Nothing is more valuable than free time, and many of us have just been handed a boatload of it. Once the shock wears off and we gain our bearings with the emerging solutions of our individual financial situations, we will have the opportunity to pause, to reconsider priorities in the absence of many of them and wonder:
what should I do?
This alone is a gift that many people don’t get, sometimes for decades on end. Suddenly it has been forced into your life.
In years to come, many people will think back on this moment in history and be thankful it happened because of the invisible opportunity it became, the seed of time that grew into a tree of productivity and fruited with prosperity.
Sure, clean the house to help with your stress. Buy some more toilet paper if it’s really going to make your day, but after all that settles, and you finally have the luxury to get a little bored, ask yourself:
what should I do?
The answer becomes your life.
BETTER SAFE
March 17th, 2020
How long does an instance of being safe last?
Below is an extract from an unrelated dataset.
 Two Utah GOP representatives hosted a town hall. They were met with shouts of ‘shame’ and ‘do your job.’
Put it side by side with something more familiar: how long do regrets last?
Both have the same answer: forever. The difference of course is that we remember the regret, the stupid mistake, the embarrassing faux pas. But when we exercise a little safety and some risk never comes to pass? We never remember this. There’s nothing to remember. And so it can seem as though the preparation and the cautionary action was for nothing.
It’s a strange set of circumstances to undertake an effort with the explicit purpose of making sure nothing happens. But this is often what safety is when successful. A whole lot for nothing. it can easily seem reasonable that doing nothing will get nothing, and tempt us to let things play out.
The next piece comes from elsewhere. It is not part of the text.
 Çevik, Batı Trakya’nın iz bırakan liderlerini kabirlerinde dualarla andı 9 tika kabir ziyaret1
We have a hard time keeping in mind what’s not right in front of us. Especially things that are invisible in some way or simply never exist because our whole aim was to live life without the accident, the tragedy.
Successful safety is all about the imagination. It’s a matter of accurately and precisely imagining a world that you explicitly aim to make sure never materializes.
It’s the goal of keeping fiction as fiction.
But that’s the thing: without an effort to try and imagine the worst, we also cease to imagine a way to avoid it.
Better safe than sorry, and in this case, that requires an imagination dosed with pessimism.
BURN THE BOATS
March 16th, 2020
If you know there’s something you have to do, pull out the stops, dive in without teetering and make sure you dive deep.
There have been many instances when generals and leaders have made the call to seal off the way back; to ensure that the only way available is forward and thereby towards victory.
There’s nothing quite like no choice to make you certain about the choice you have.
That’s the whole point. It’s a measure of commitment, one that forces you into it. We’re generally very uncomfortable about this in the modern world. Our universe is all about infinite customization, in order to fit out unique preferences. But this backfires is many instances by creating an environment ripe for ambivalence.
Such ambivalence often comes from decision-fatigue. This is the downfall of a marketplace like Etsy. So many options, so many artists and crafters, what to choose? The experience becomes one of browsing as oppose to one of purchasing.
This is the whole point of ‘burning the boats’. If there’s an option to go back home, then our commitment to the next step is always potentially lukewarm. And what good is that?
Are we more likely to succeed with a lukewarm step forward, or a determined charge to succeed?
The answer is obvious. Which calls into question our culture of infinite choice.
The real task may not be the choice but the elimination.
What can I eliminate from my life in order to streamline my efforts toward the long term goals that I’m really seeking to accomplish?
Better yet, what decisions can I make that force me forward with no hope of returning to the safe cocoon that I’m now in?
This is the essence of burning the boats. Sometimes we have to truncate the use of our tools, disavowing ourselves of such tools to make sure we take the next hard step forward.